(Captioned web images)
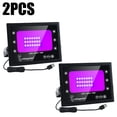 thumbnail image 1 of Two Pieces USB Purple light Flood light 10W High Brightness IP66 Waterproof Outdoor Mini Spotlight Wall Gate Garage Garden Lamp, 1 of 6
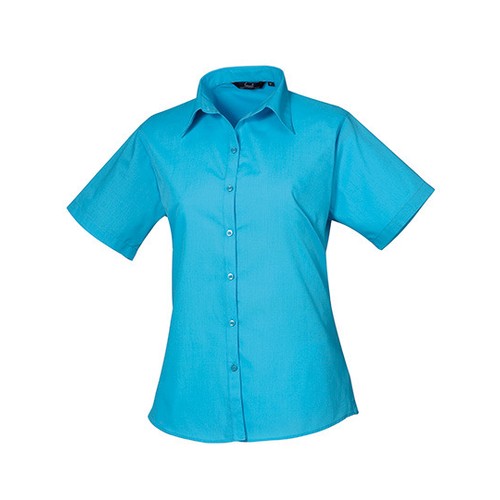 Women´s Poplin Short Sleeve Blouse – Bild 126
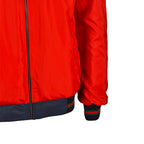 Red Moto Style Leather Jacket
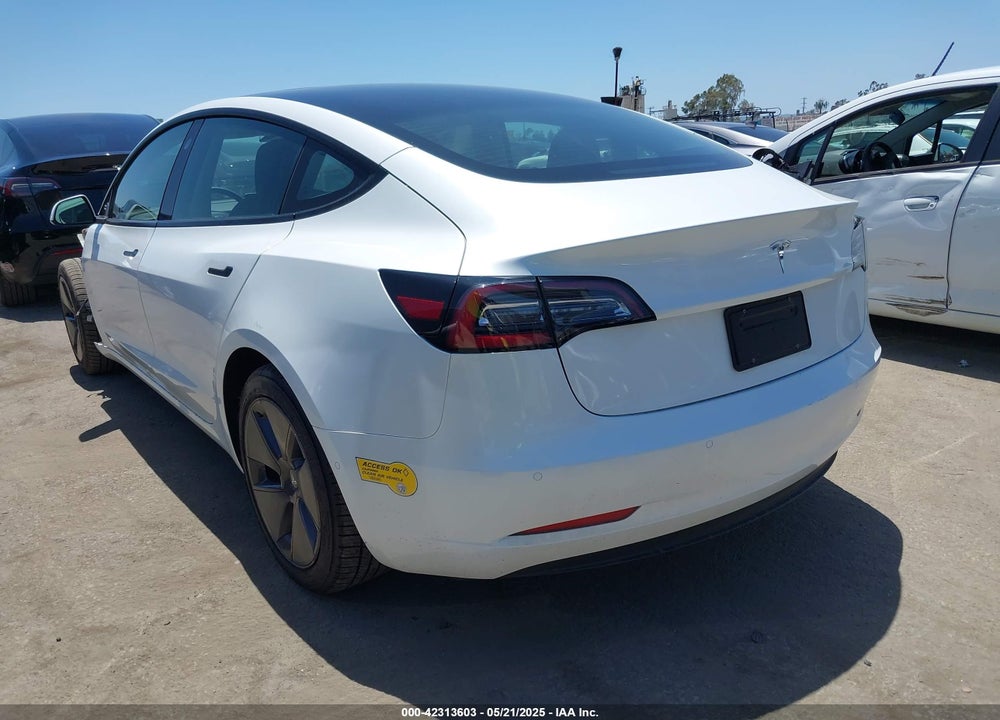 2022 TESLA MODEL 3 REAR-WHEEL DRIVE VIN: 5YJ3E1EA6NF376605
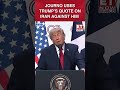 WATCH | Peter Doocy Stuns Trump By Quoting Trump's Own Iran Remark #shorts #trump #iranwar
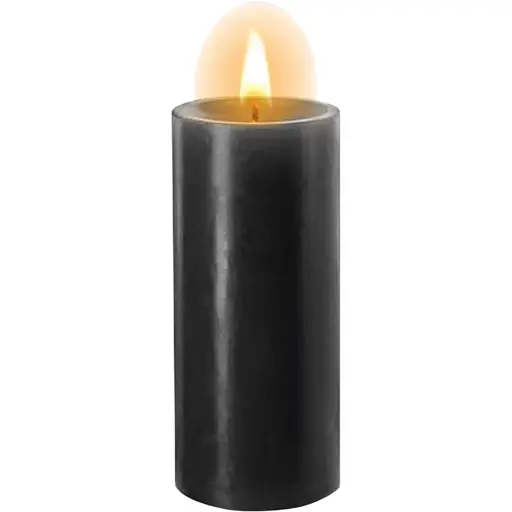 Свічка низькотемпературна Fetish Tentation Enjoy Pain Bougie SM Basse Temperature, 10 см (чорний)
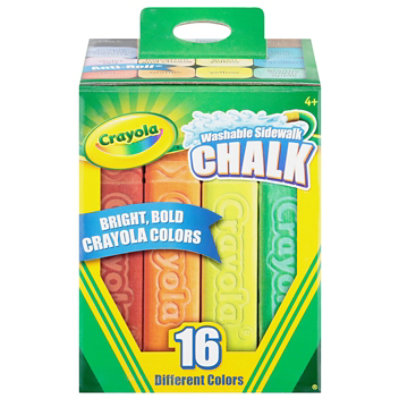 Crayola Sidewalk Chalk Washable -  16 Count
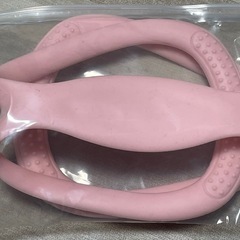 【開封済み、未使用】トレーニング用品　ストレッチチューブ　ピンクの画像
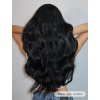 Havraní černá dlouhá paruka Selena s přirozenými vlnami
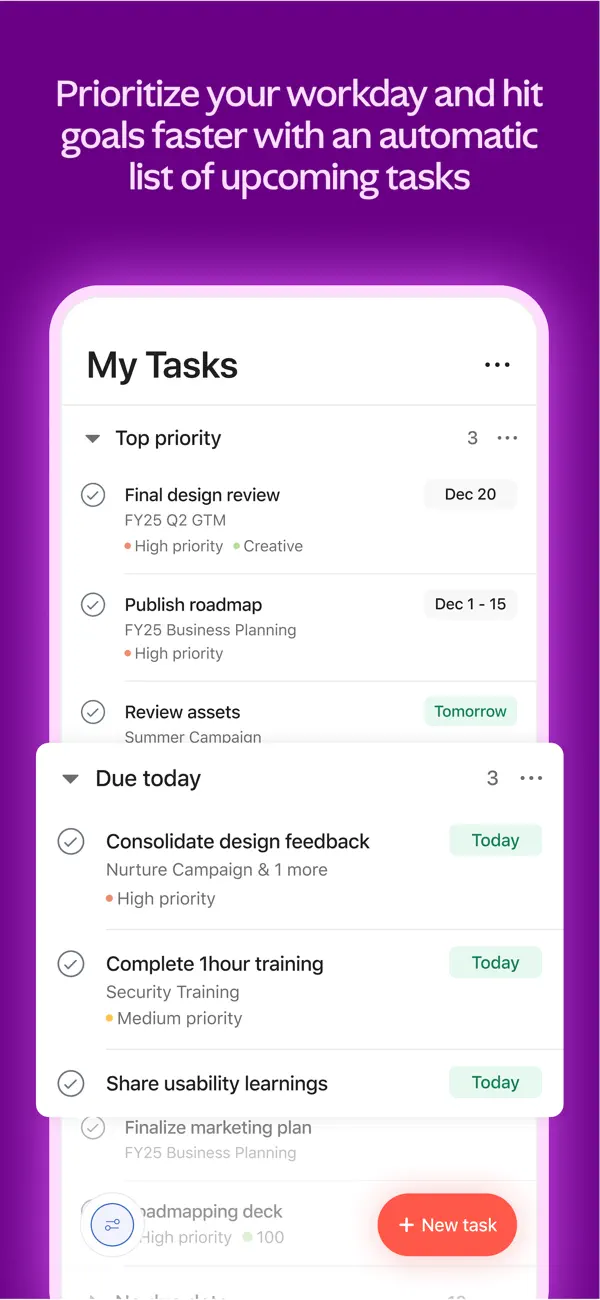 Asana: Work Management screenshot 3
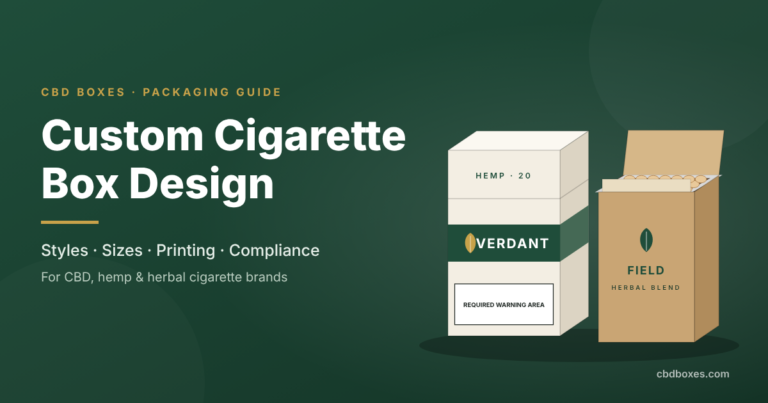 Custom Cigarette Box Design: Styles, Sizes & Printing Guide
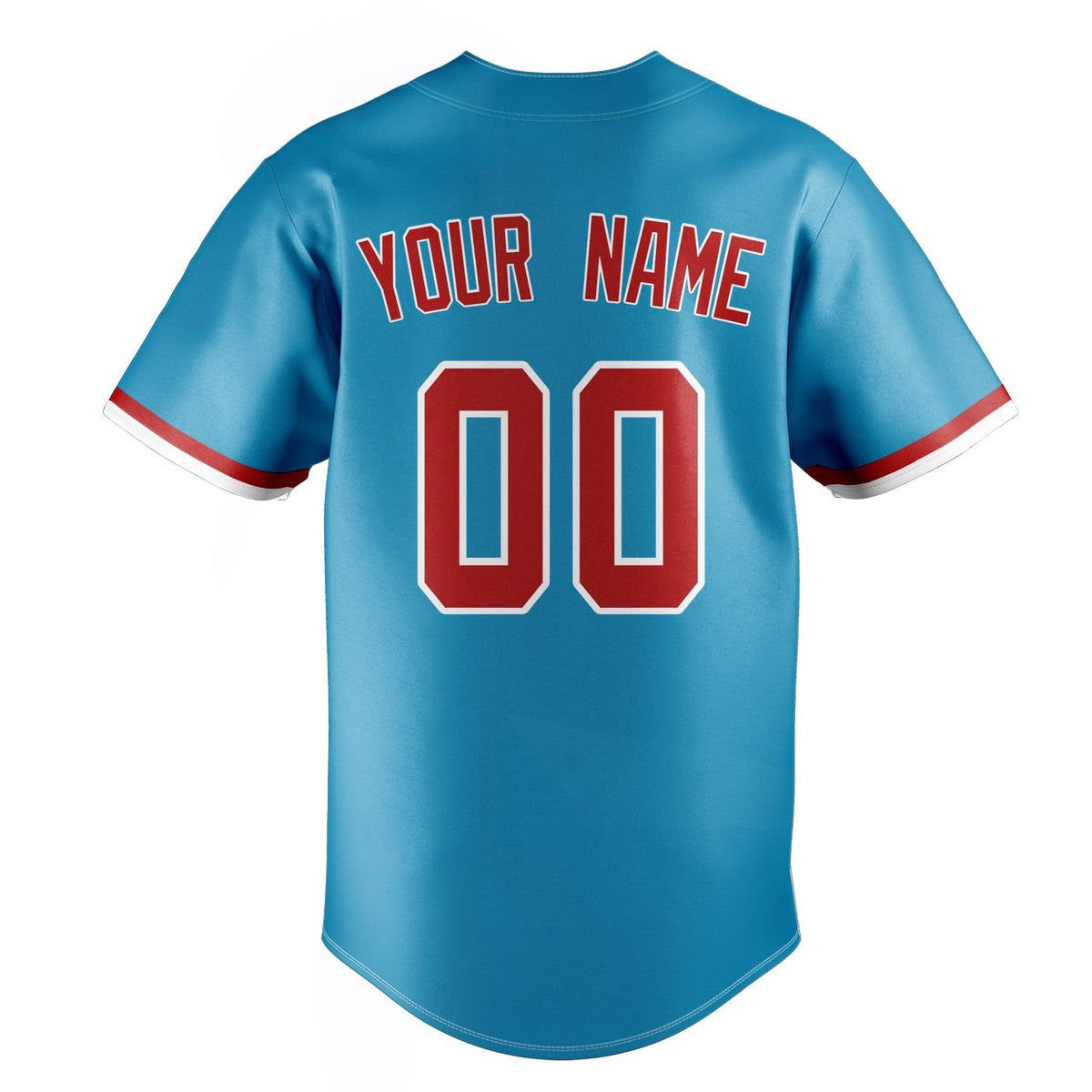 Panther-Blue & Red Ace Baseball Jersey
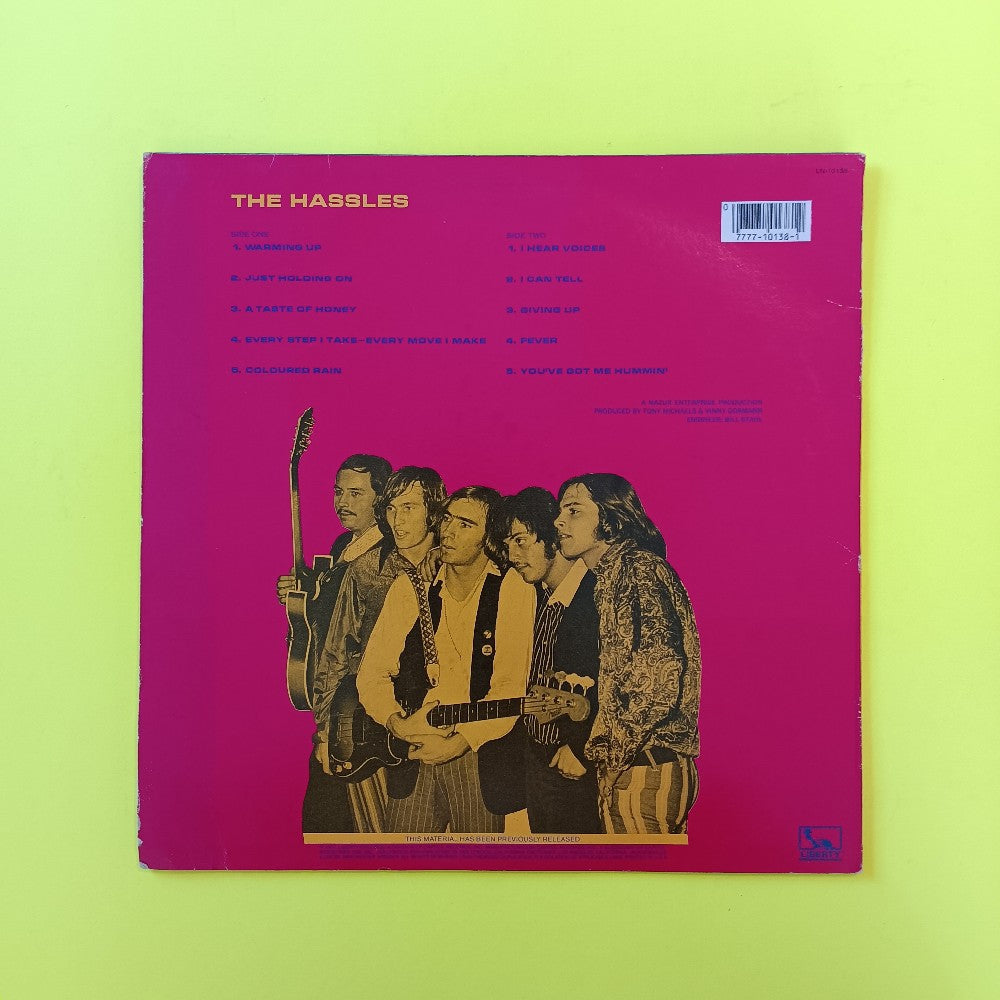 The Hassles - The Hassles / Self Titled - 1981 - LN-10138 - Used - VG++ - Vinyl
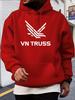 Casual VN Truss Logo Hoodie - Cozy Fleece-Lined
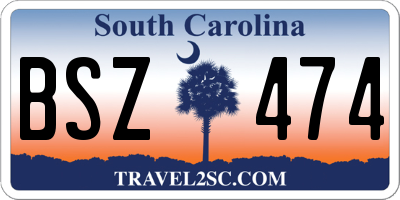 SC license plate BSZ474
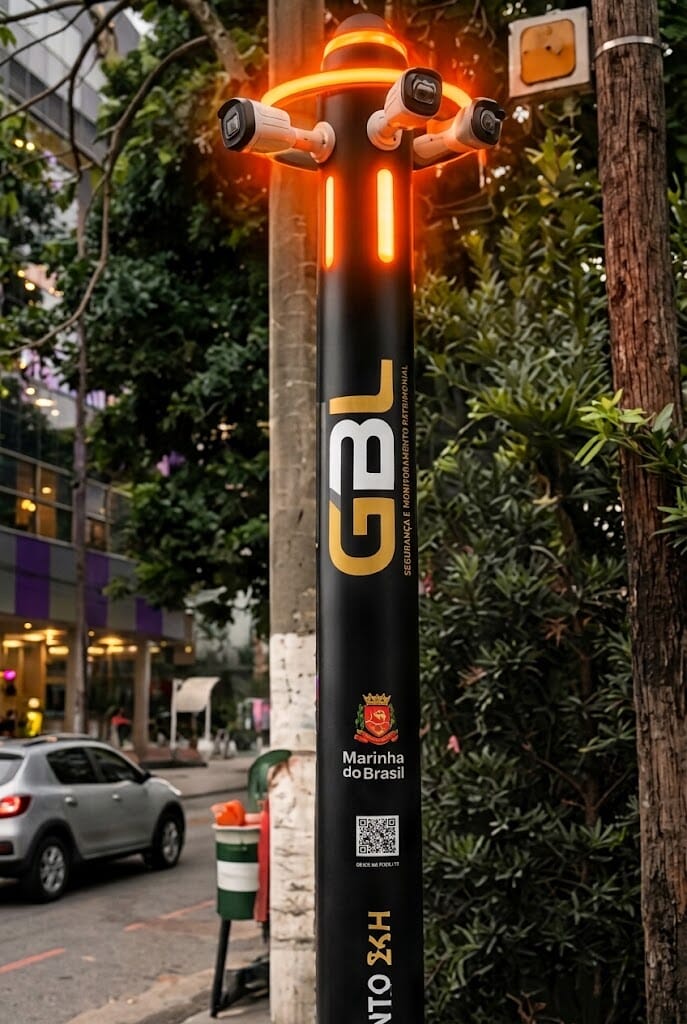 Totem Pedestal GBL — Estrutura vertical reforçada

### EXERCISE PROMPT
Copy each line of the records above without change, but do not include any picture.

### EXPECTED ANSWER
 thumbnail image 1 of Two Pieces USB Purple light Flood light 10W High Brightness IP66 Waterproof Outdoor Mini Spotlight Wall Gate Garage Garden Lamp, 1 of 6
 Women´s Poplin Short Sleeve Blouse – Bild 126
 Red Moto Style Leather Jacket
 2022 TESLA MODEL 3 REAR-WHEEL DRIVE VIN: 5YJ3E1EA6NF376605
 WATCH | Peter Doocy Stuns Trump By Quoting Trump's Own Iran Remark #shorts #trump #iranwar
 Свічка низькотемпературна Fetish Tentation Enjoy Pain Bougie SM Basse Temperature, 10 см (чорний)
 Crayola Sidewalk Chalk Washable -  16 Count
 【開封済み、未使用】トレーニング用品　ストレッチチューブ　ピンクの画像
 Havraní černá dlouhá paruka Selena s přirozenými vlnami
 Asana: Work Management screenshot 3
 Custom Cigarette Box Design: Styles, Sizes & Printing Guide
 Panther-Blue & Red Ace Baseball Jersey
 The Hassles - The Hassles / Self Titled - 1981 - LN-10138 - Used - VG++ - Vinyl
 Casual VN Truss Logo Hoodie - Cozy Fleece-Lined
 SC license plate BSZ474
 Totem Pedestal GBL — Estrutura vertical reforçada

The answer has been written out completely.